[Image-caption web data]
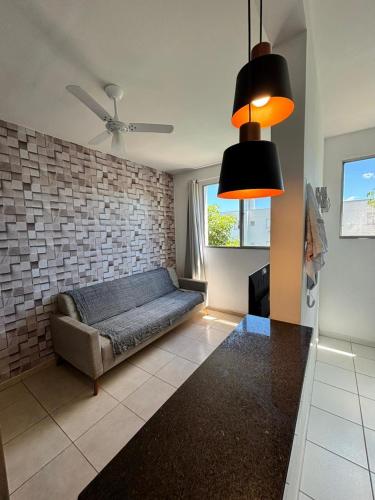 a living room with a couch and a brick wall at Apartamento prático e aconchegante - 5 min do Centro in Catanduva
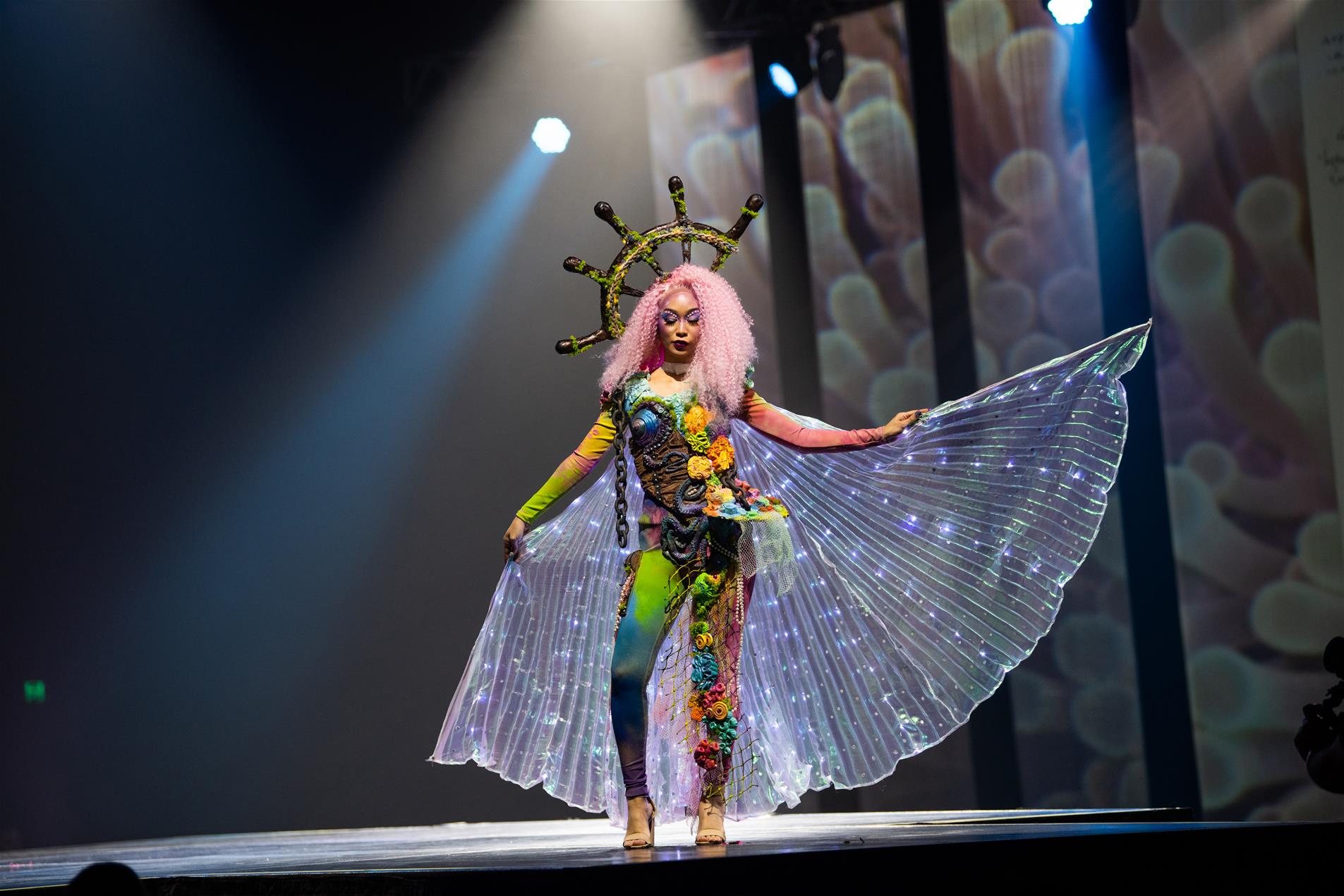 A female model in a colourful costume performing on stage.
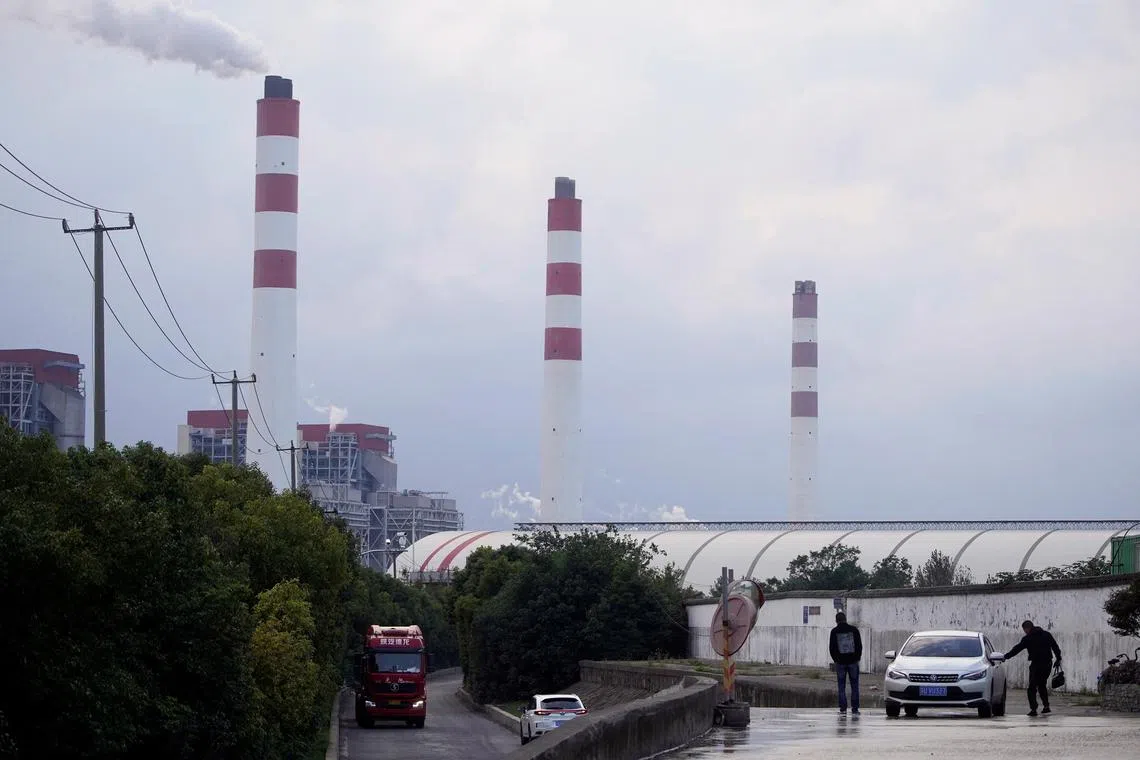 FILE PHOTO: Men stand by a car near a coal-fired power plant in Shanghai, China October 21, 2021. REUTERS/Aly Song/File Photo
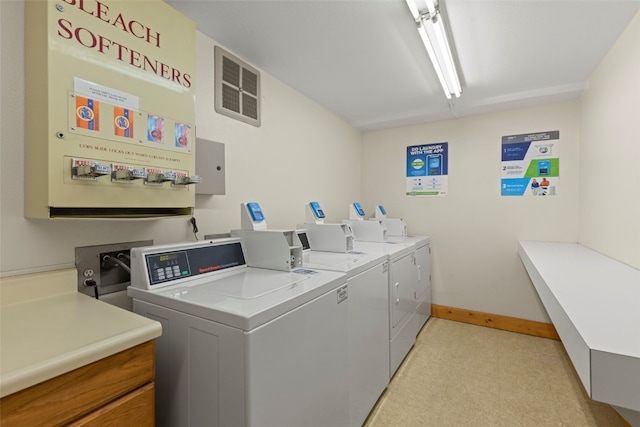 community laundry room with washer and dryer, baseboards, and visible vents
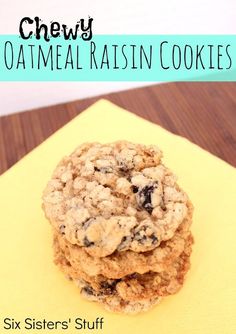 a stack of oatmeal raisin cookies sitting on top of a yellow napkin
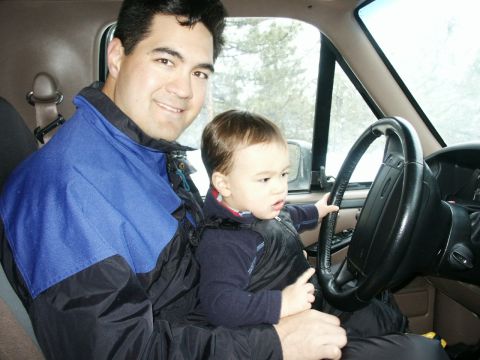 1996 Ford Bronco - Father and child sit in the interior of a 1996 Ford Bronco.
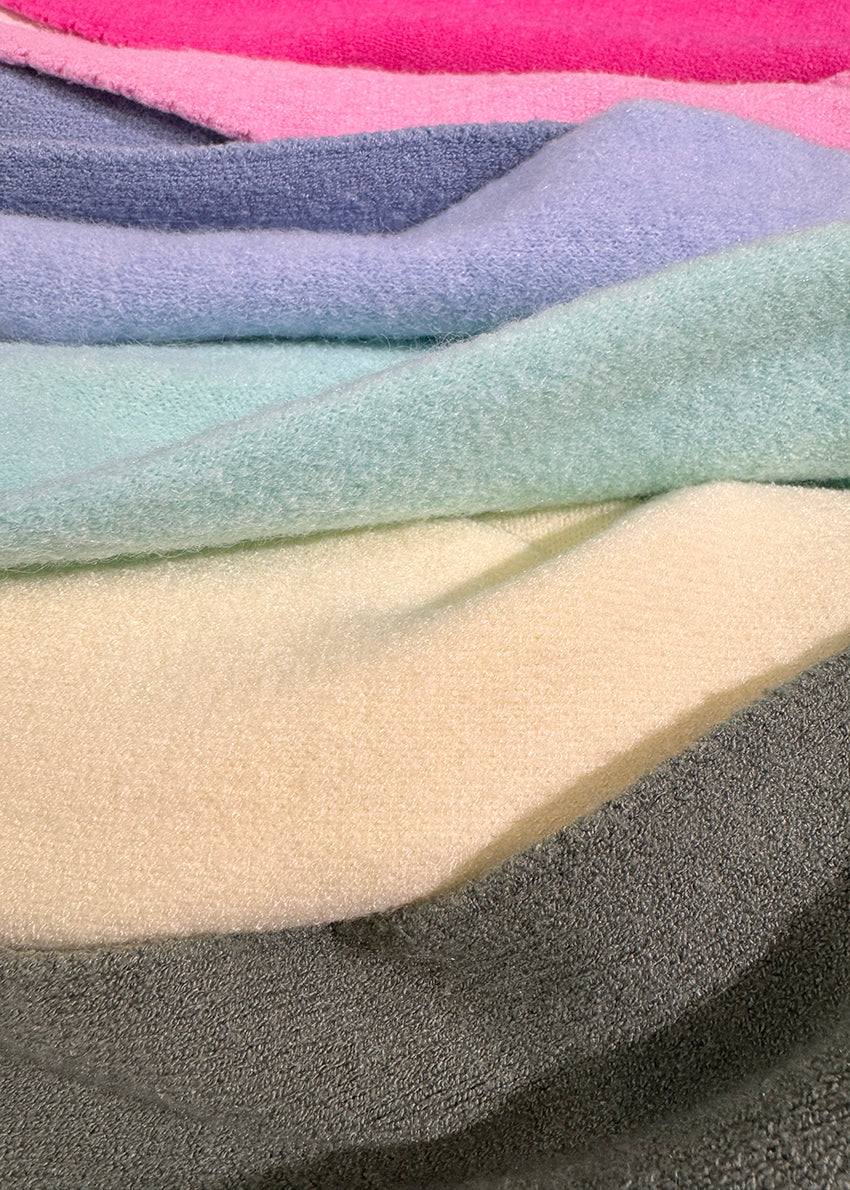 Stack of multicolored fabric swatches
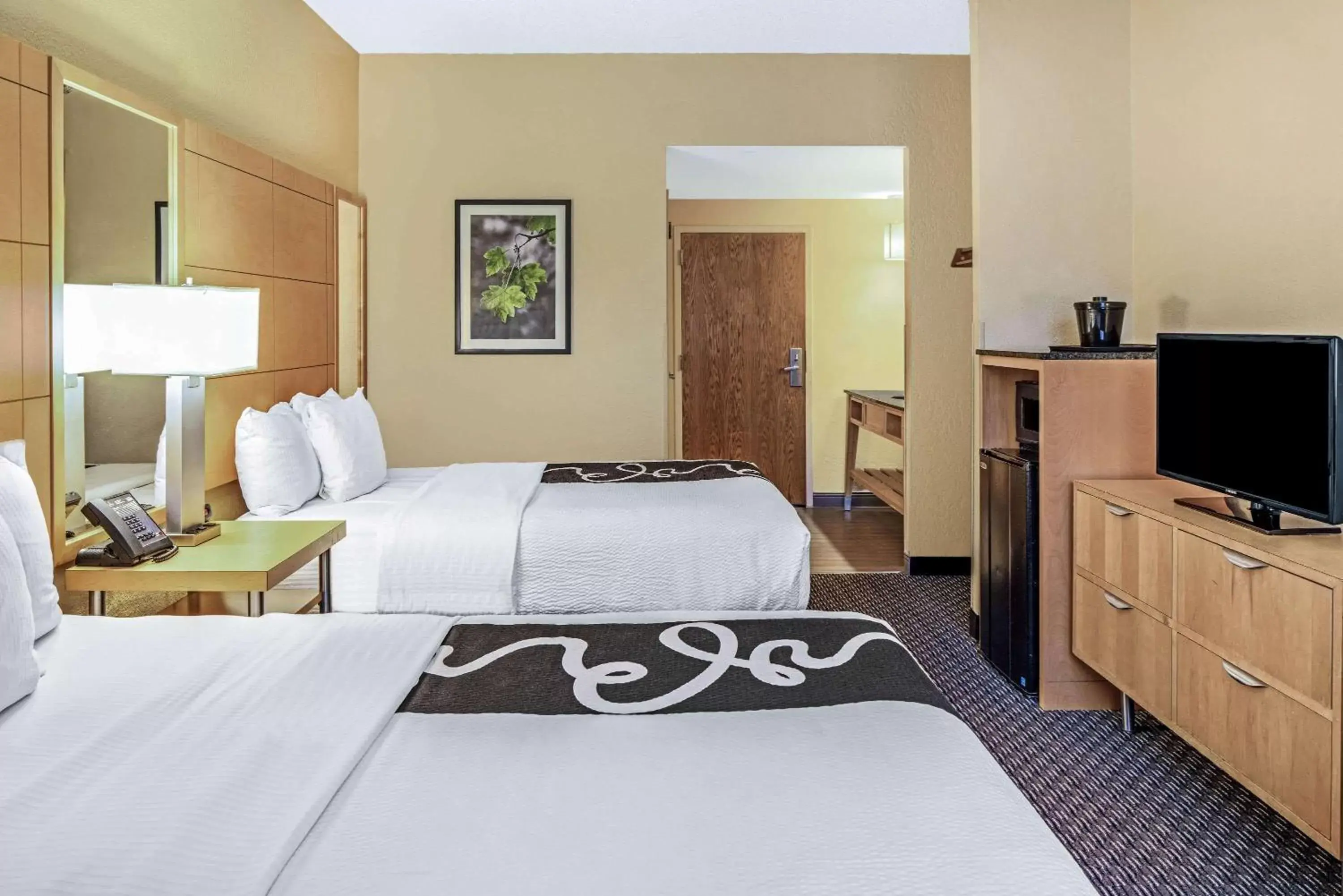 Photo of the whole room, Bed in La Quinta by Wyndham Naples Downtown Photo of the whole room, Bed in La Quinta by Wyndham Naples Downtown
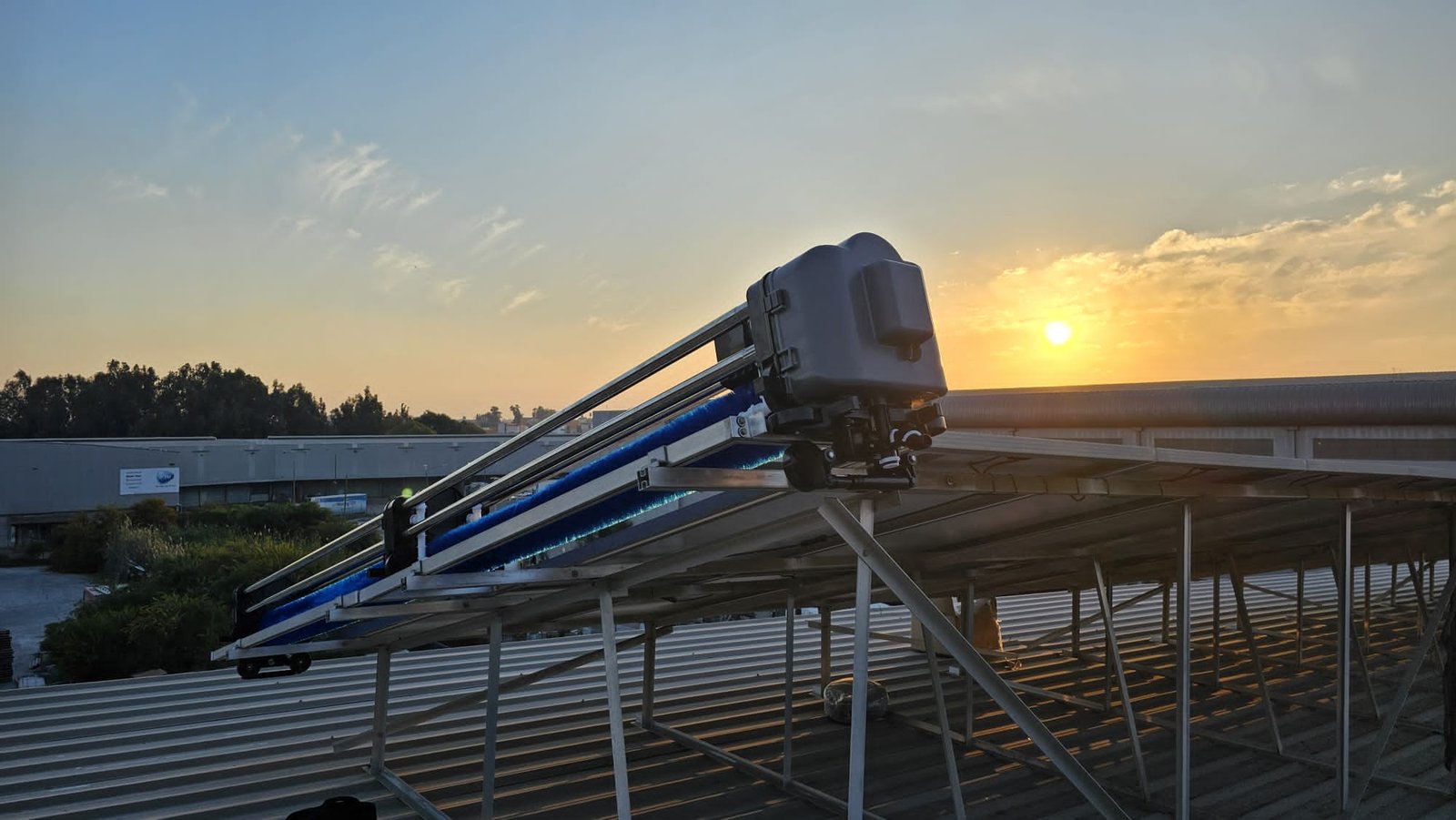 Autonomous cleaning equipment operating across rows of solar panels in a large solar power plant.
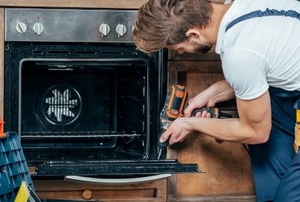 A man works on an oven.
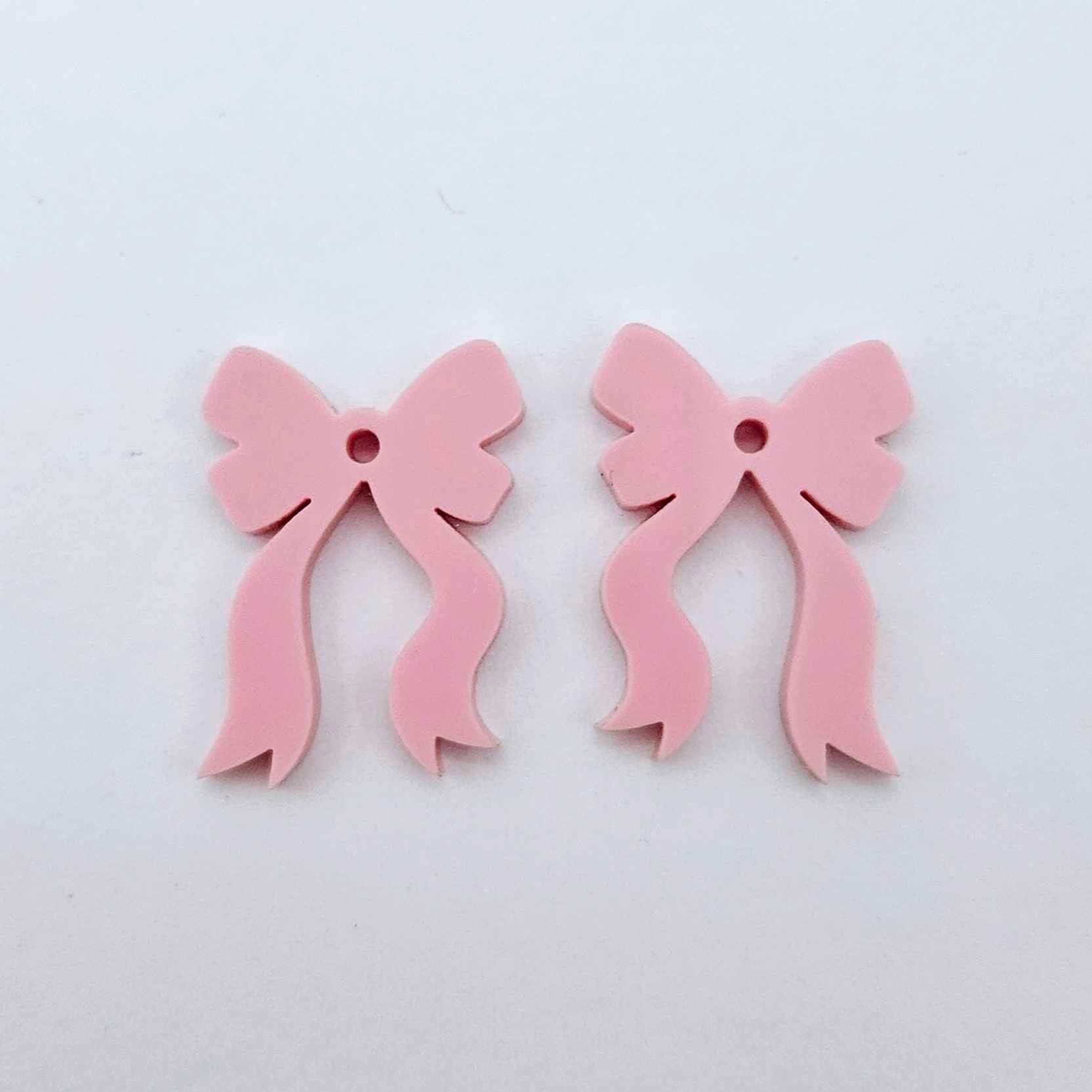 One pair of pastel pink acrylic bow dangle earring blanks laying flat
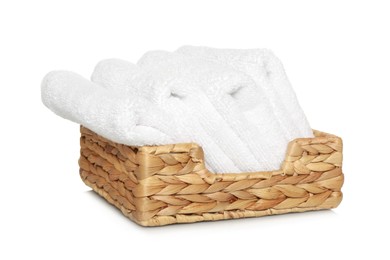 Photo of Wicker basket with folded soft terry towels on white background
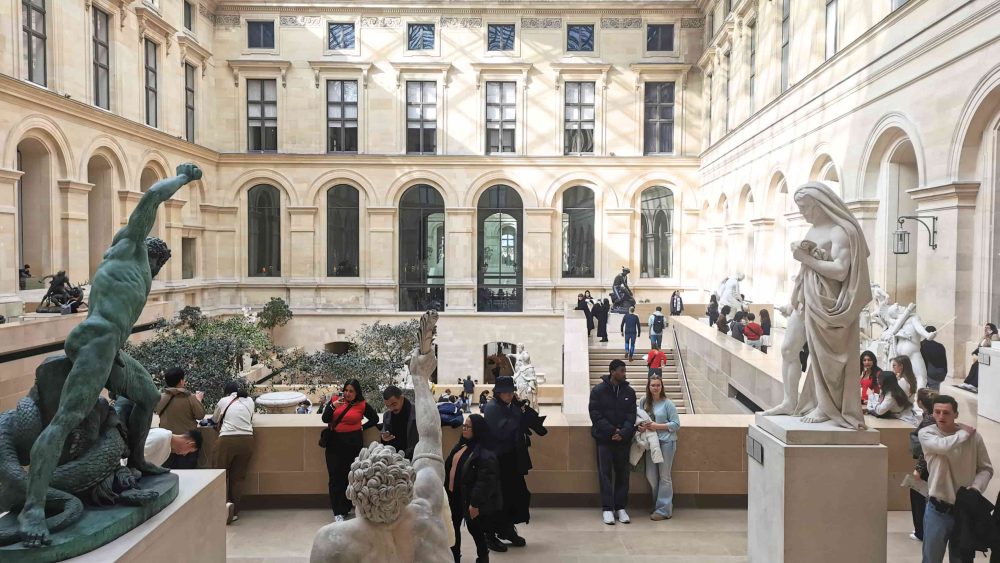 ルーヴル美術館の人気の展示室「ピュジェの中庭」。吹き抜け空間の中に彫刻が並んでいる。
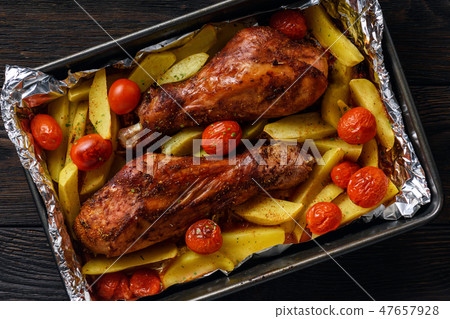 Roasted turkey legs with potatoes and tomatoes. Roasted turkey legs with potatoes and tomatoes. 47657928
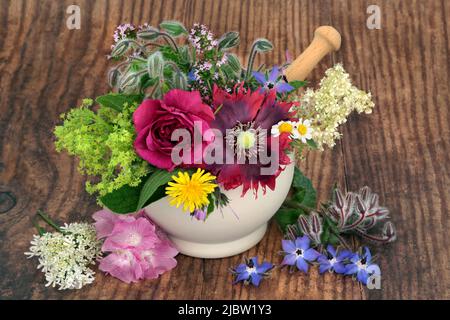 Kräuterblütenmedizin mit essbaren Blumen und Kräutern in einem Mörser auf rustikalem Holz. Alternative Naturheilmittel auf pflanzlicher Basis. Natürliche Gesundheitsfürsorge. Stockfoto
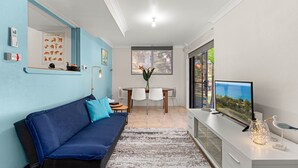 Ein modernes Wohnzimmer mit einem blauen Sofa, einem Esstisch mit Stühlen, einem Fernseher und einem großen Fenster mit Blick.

The problem
Print exactly the lines above that run from the one with "A female model" to the one with "Stack of multicolored fabric swatches", both included. No pictures.

Answer for the task
 A female model in a colourful costume performing on stage.
 FILE PHOTO: Men stand by a car near a coal-fired power plant in Shanghai, China October 21, 2021. REUTERS/Aly Song/File Photo
 community laundry room with washer and dryer, baseboards, and visible vents
 a stack of oatmeal raisin cookies sitting on top of a yellow napkin
 1996 Ford Bronco - Father and child sit in the interior of a 1996 Ford Bronco.
 Stack of multicolored fabric swatches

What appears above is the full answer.